As a major gold refiner, Johnson Matthey (JM) had been involved in the gold fixing from the 1920s but in the early 1960s JM formed Johnson Matthey Bankers Ltd (JMB) which took on one of the seats in the fixing. In 1984, JMB collapsed in one of London’s most memorable financial and gold market scandals and the Bank of England bought JMB, selling it on to Mase Westpac, the gold trading division of Australian bank Westpac. In 1993, Republic National Bank of New York bought Mase Westpac’s fixing seat.

In 2000, HSBC also acquired Republic National Bank of New York. Since HSBC already had one of the five seats on the Gold Fixing, and Republic also had a seat (from its Mase Westpac purchase), HSBC then had two seats on the fixing, so sold one of these seats to Credit Suisse. In 2002, Credit Suisse sold on this seat to Societe Generale (SocGen). This explains Gold Fixing seat number four.

And of N.M. Rothschild? Well, in all of this you can see that the only thing permanent about the Gold Fixing throughout most of its history was the most powerful of all investment banks, NM Rothschild, as well as its old friend, the Bank of England operating behind the curtain. However in 2004, Rothschild mysteriously withdrew from the Gold Fixing. Was it a reprimand from the Bank of England for forcing the Bank to “stare into the abyss’ and sell British gold reserves to bail out a market short of physical gold, or was it the characteristic Rothschild habit of retreating into the shadows? Whatever the reason, in 2004 the Bank of England organised for the more pliable Barclays Bank to buy Rothschild’s gold fixing seat.

Notably, the Rothschild influence lived on with Barclay’s in the Gold Fixing because from 2006 to 2012, if you can believe this and its true, the chairman of Barclays was one Marcus Agius, who is son-in-law of former NM Rothschild chairman, Edmund de Rothschild.

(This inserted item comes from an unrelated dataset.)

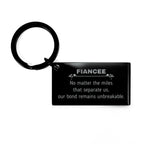 Fiancee Long Distance Relationship Gifts, No matter the miles that separate us, Cute Love Keychain For Fiancee, Birthday Christmas Unique Gifts For Fiancee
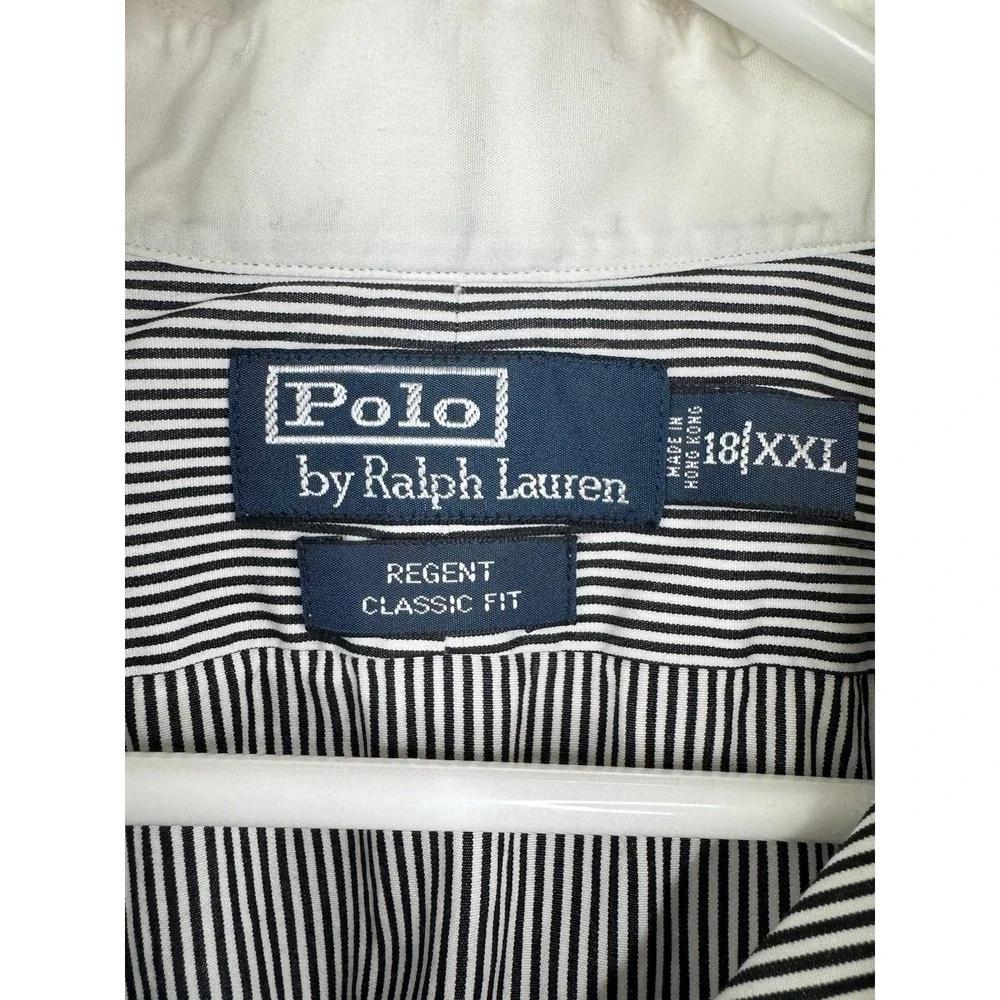 Polo Ralph Lauren Regent Classic Fit Striped Dress Shirt Men's 18 XXL Preppy 90s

For Rothschild, acquainted with the number five in the form of the five houses of Rothschild and its five arrows symbolism, the fact that there were only ever five seats on the Gold Fixing, is, to say the least coincidental, and maybe even symbolic. But as to which was the real puppet master in the London Gold Market, Rothschild or the Bank of England, that has always been the question.

The Bank of England’s not so hidden hand

The one constant in the Gold Fixing from its inception, apart from NM Rothschild, is of course the Bank of England, the central bank which controls and has always controlled the London Gold Market.

For example, the 1954 – 1968 period saw countless brazen attempts by the Bank of England and fellow central banks to cap the market price of gold at $35 per ounce, culminating in the infamous London Gold Pool, an experiment in gold price intervention from 1961 to 1968 which famously collapsed in March 1968 when the US Treasury ran out of Good Delivery gold bars despite the Bank of England as the Pool’s agent selling thousands of tonnes of gold into the Gold Fixings in late 1967 and early 1968.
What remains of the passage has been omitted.